Respondents argue that, as a matter of federal law, claims to arbitration by nonparties are not "referable to arbitration under an agreement in writing," 9 U.S.C. § 3 (emphasis added), because they "seek to bind a signatory to an arbitral obligation beyond that signatory's strictly contractual obligation to arbitrate" …. Perhaps that would be true if § 3 mandated stays only for disputes between parties to a written arbitration agreement. But that is not what the statute says. It says that stays are required if the claims are "referable to arbitration under an agreement in writing." If a written arbitration provision is made enforceable against (or for the benefit of) a third party under state contract law, the statute's terms are fulfilled.

[Appealability by Non-Party to Arbitration Agreement]

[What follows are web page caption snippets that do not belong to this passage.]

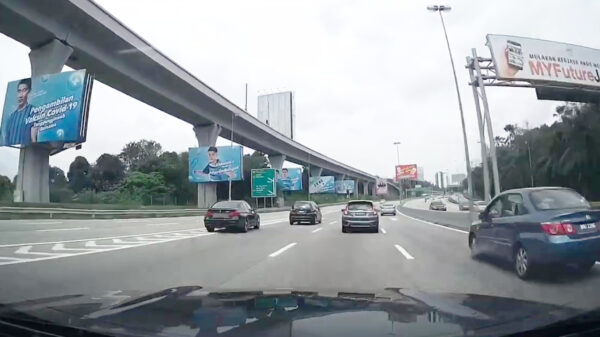 Vriendin van Maleise straatracer is doodsbang tijdens autoritje: "Please stop, i'm begging you"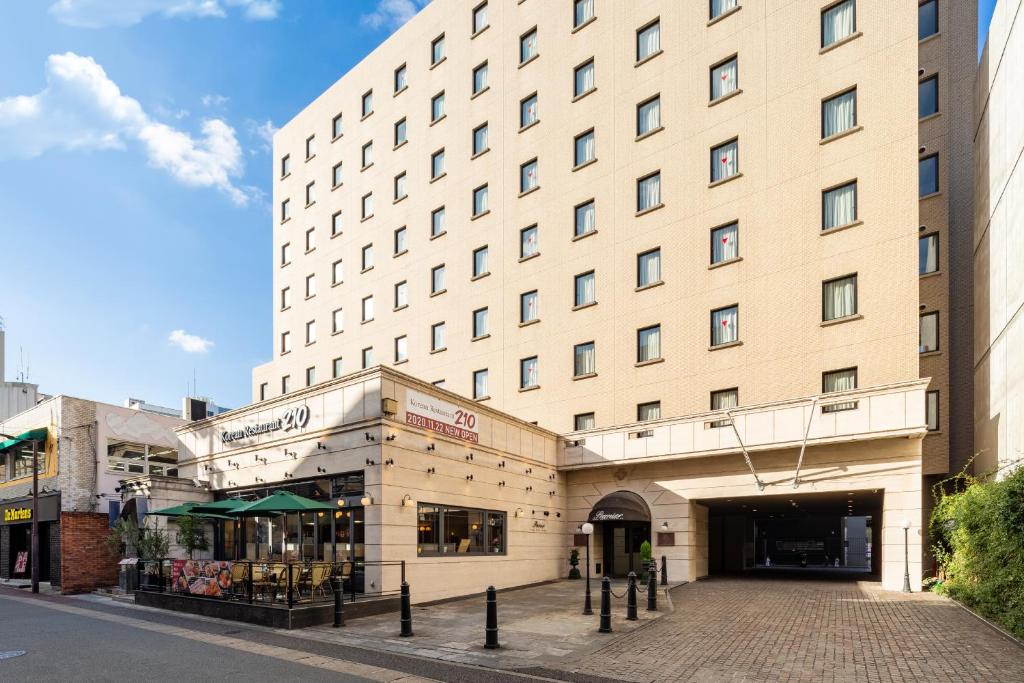 Plaza Hotel Premier - Room Types and Amenities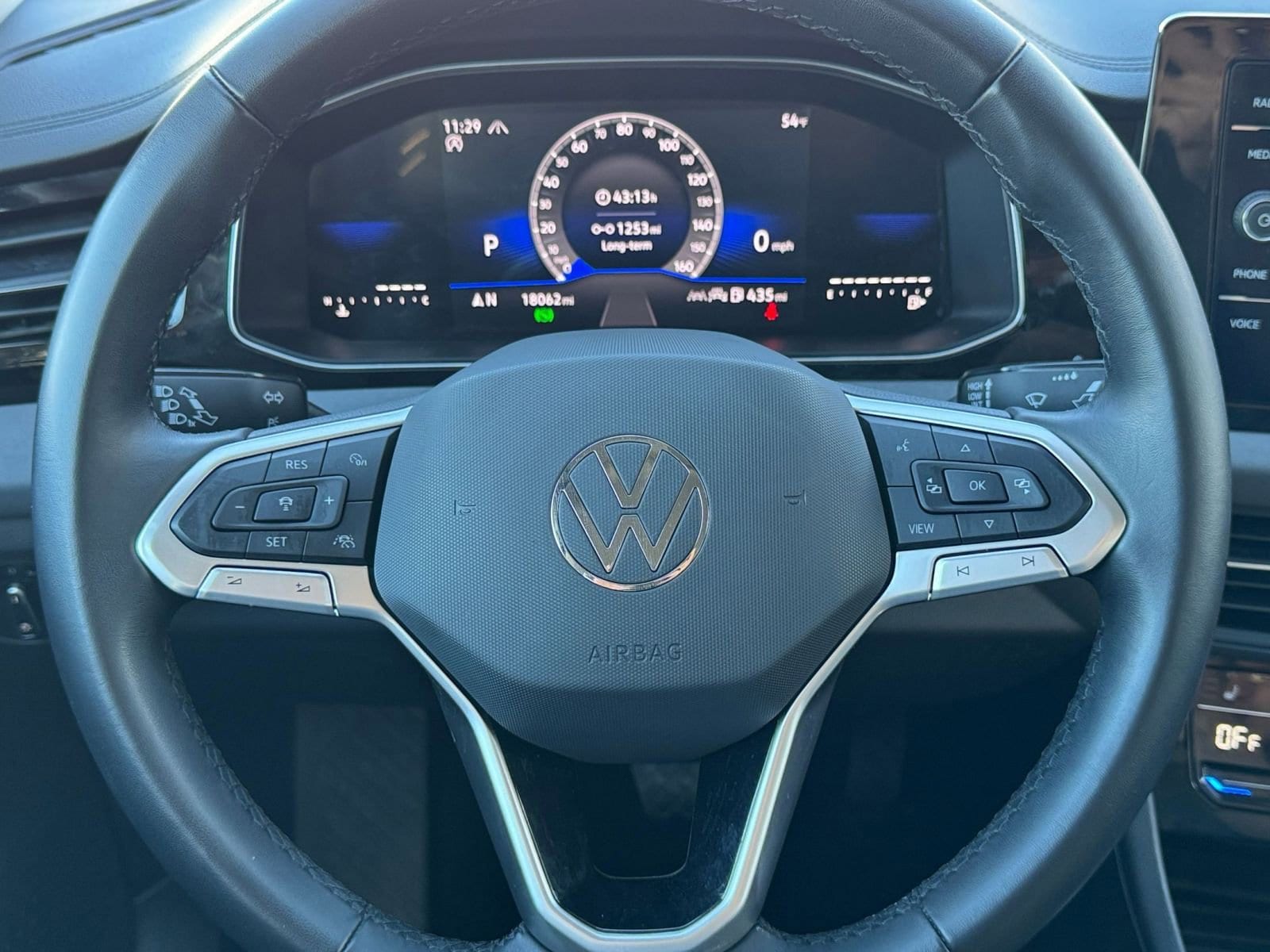 Thumbnail: 2025 Volkswagen Jetta - 27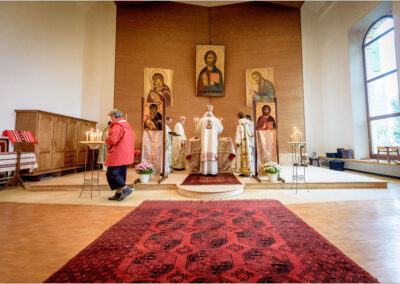 Mgr Marc et prêtres qui célébrant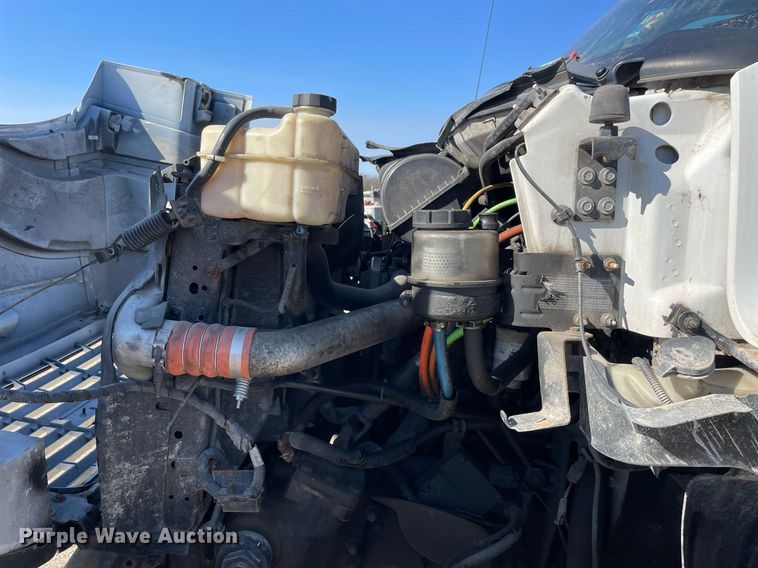 image for item LV9986 2005 Chevrolet  C8500 flatbed truck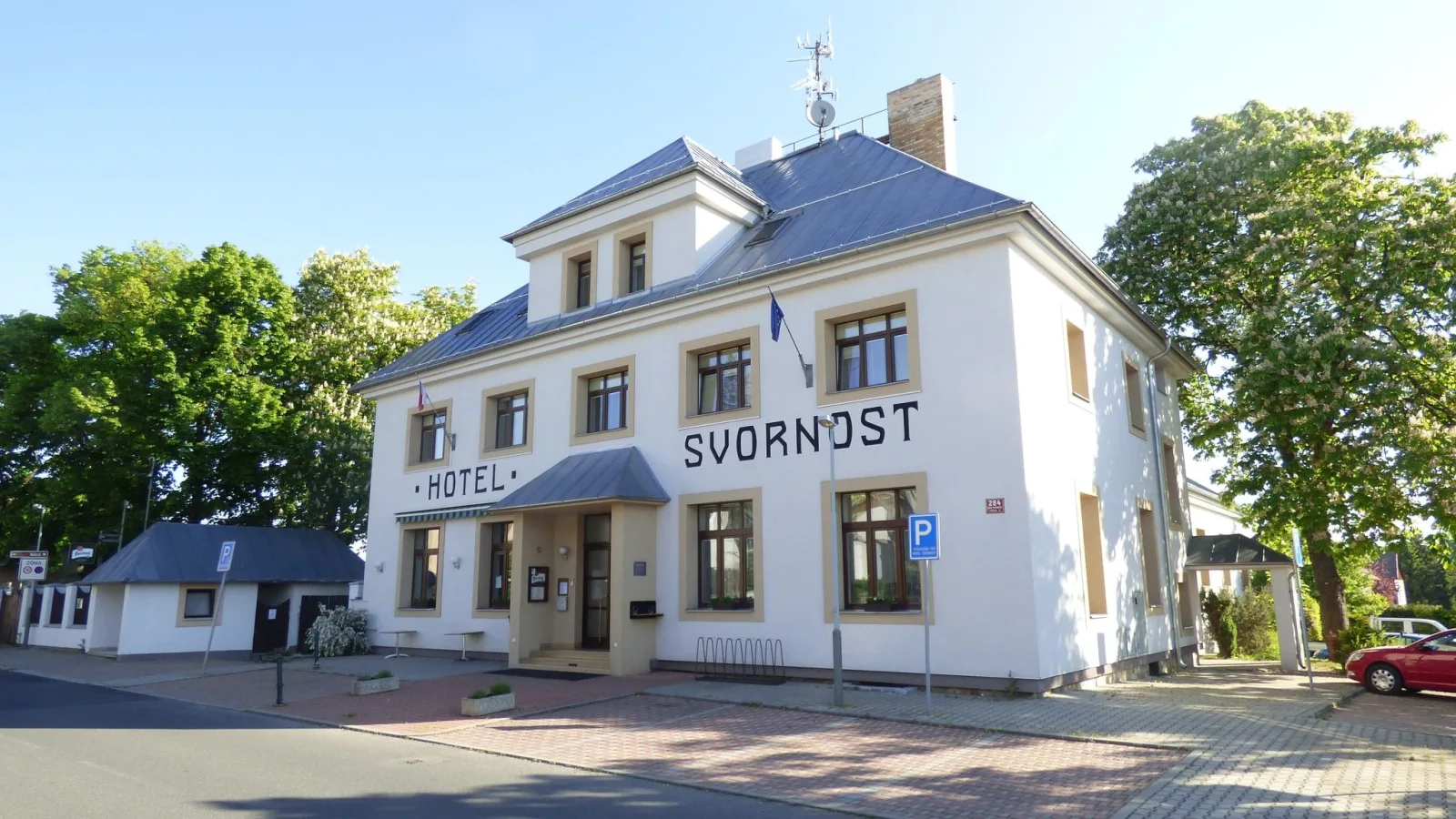 Hotel Svornost — HOTEL in Dolní Počernice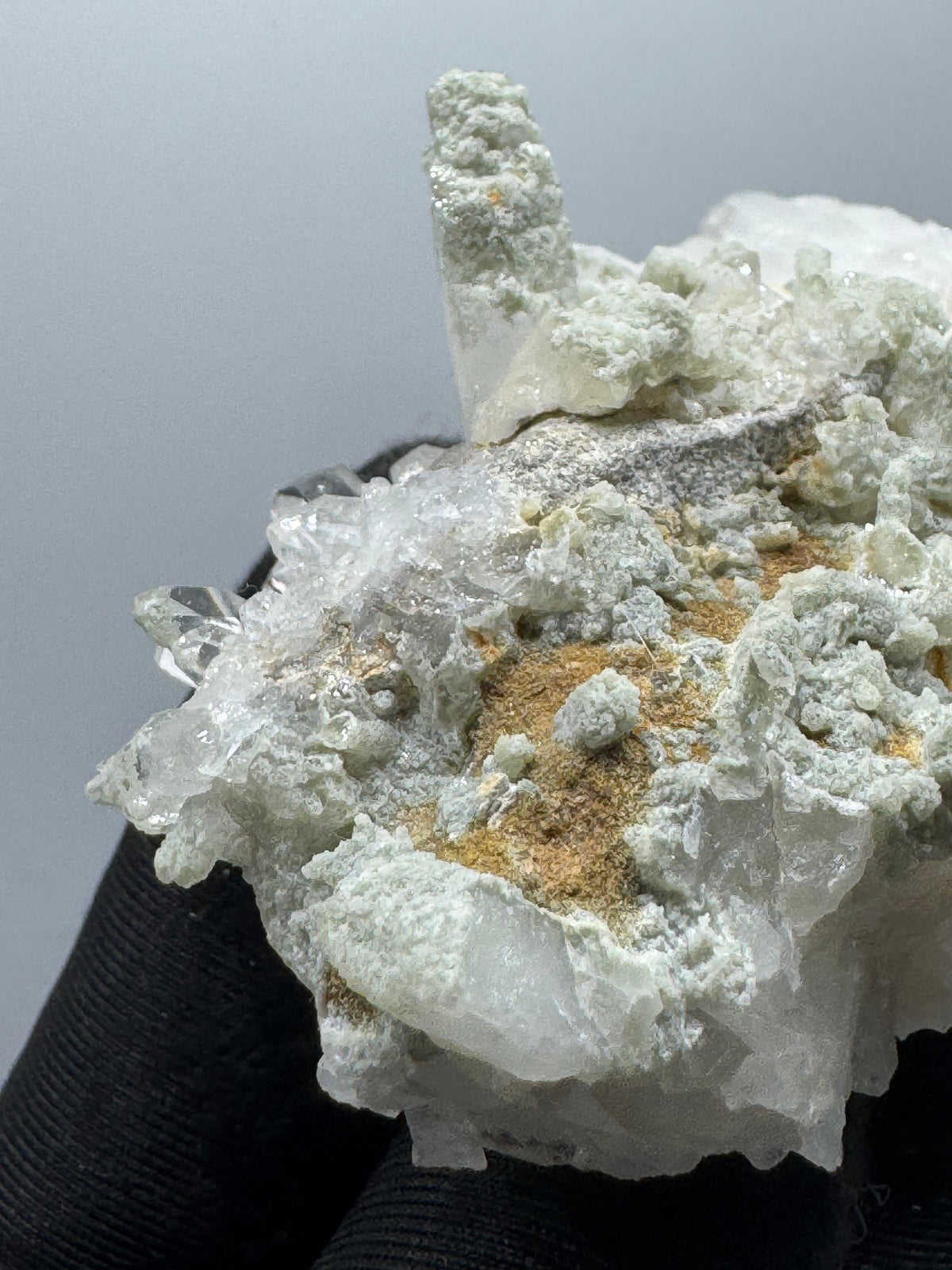 Quartz Specimen - 95g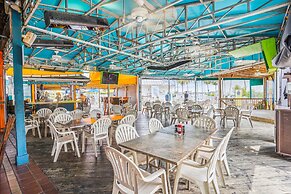 Harbourside 7716- Splash On The Rocks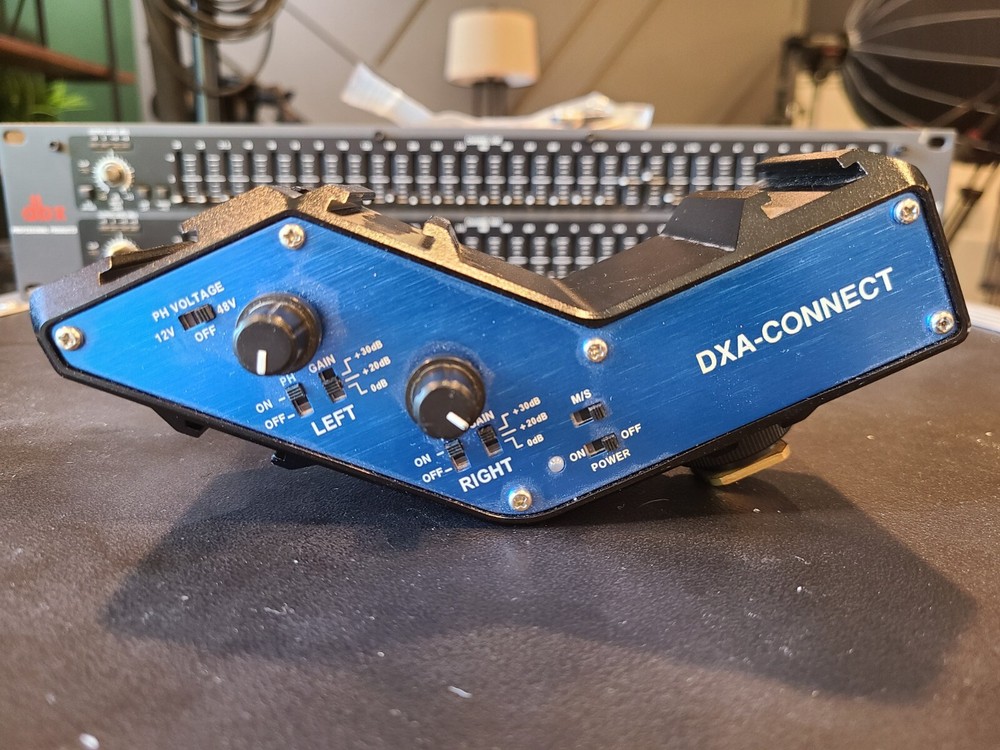 Beachtek DXA-CONNECT XLR Adapter / Bracket Combo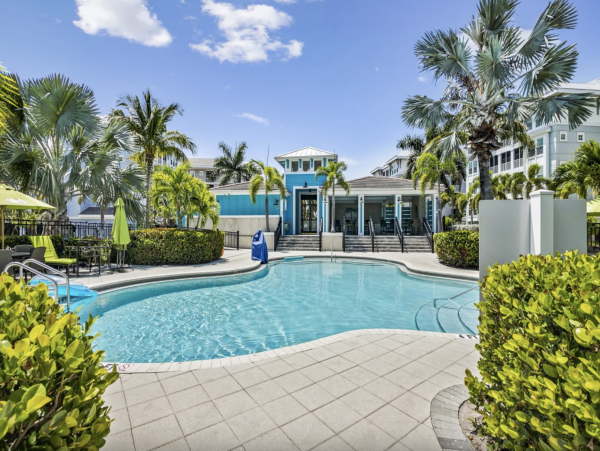 Amazing Short Drive to Anna Maria beaches Over the Bridge!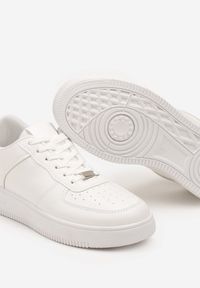 Renee - Białe Sznurowane Sneakersy Ozdobione Perforacją Ellemisa. Okazja: na spotkanie biznesowe, na co dzień. Kolor: biały. Materiał: jeans, materiał. Wzór: aplikacja #3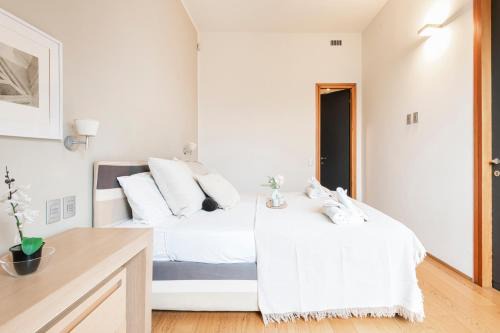 San Marco Apartment | Discover the Brera Flat: Family-Friendly with Breakfast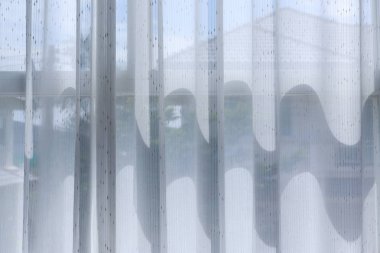 Camda asılı beyaz perde perde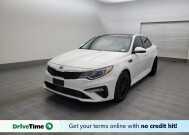 2019 Kia Optima in Phoenix, AZ 85022 - 18148981 1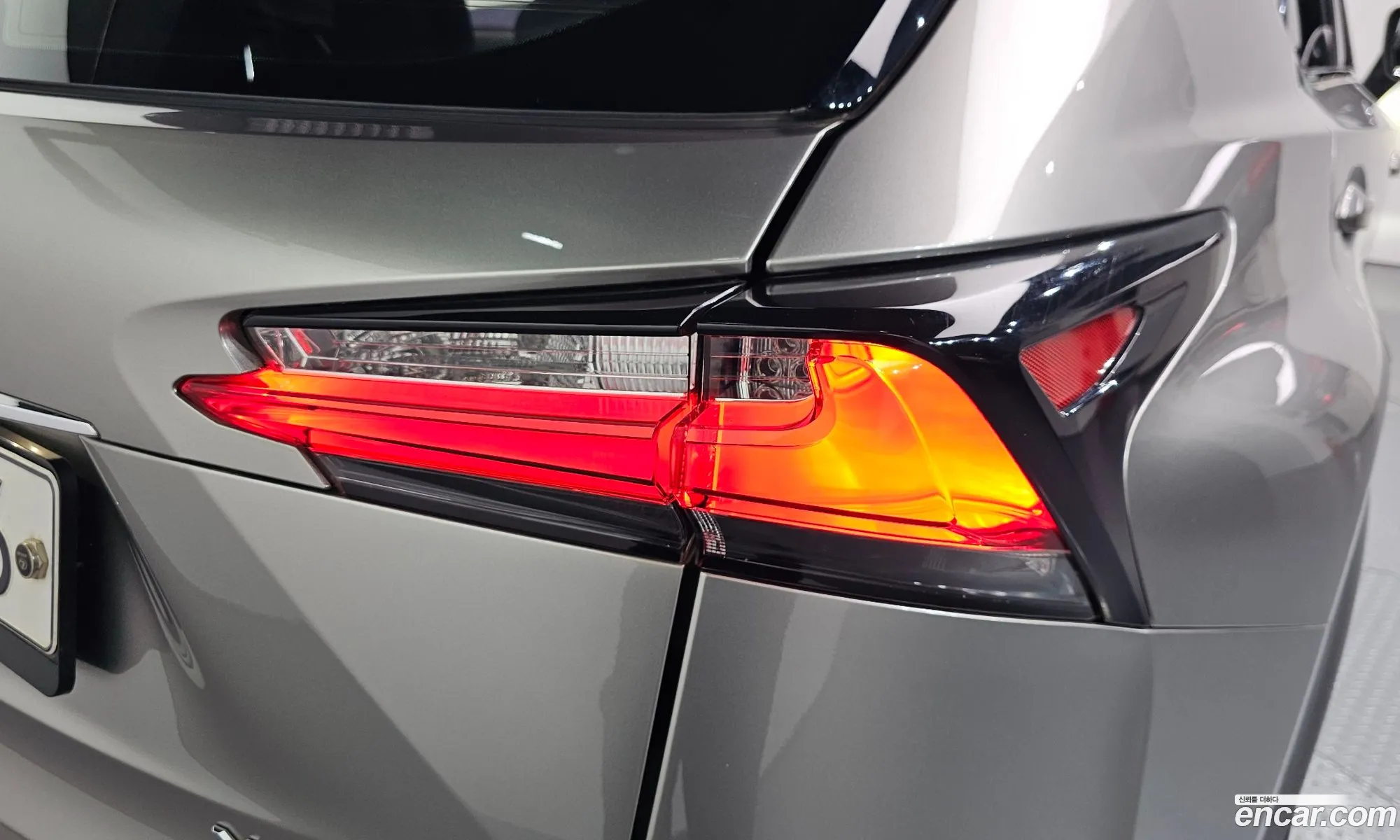 Lexus NX300h 2016 JTJBJRBZ3H2055903 — 24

Ordinarily, courts of appeals have jurisdiction only over "final decisions" of district courts. 28 U.S.C. § 1291. The FAA, however, makes an exception to that finality requirement, providing that "an appeal may be taken from ... an order … refusing a stay of any action under section 3 of this title." 9 U.S.C. § 16(a)(1)(A). By that provision's clear and unambiguous terms, any litigant who asks for a stay under § 3 is entitled to an immediate appeal from denial of that motion — regardless of whether the litigant is in fact eligible for a stay. Because each petitioner in this case explicitly asked for a stay pursuant to § 3, App. 52, 54, 63, 65, the Sixth Circuit had jurisdiction to review the District Court's denial.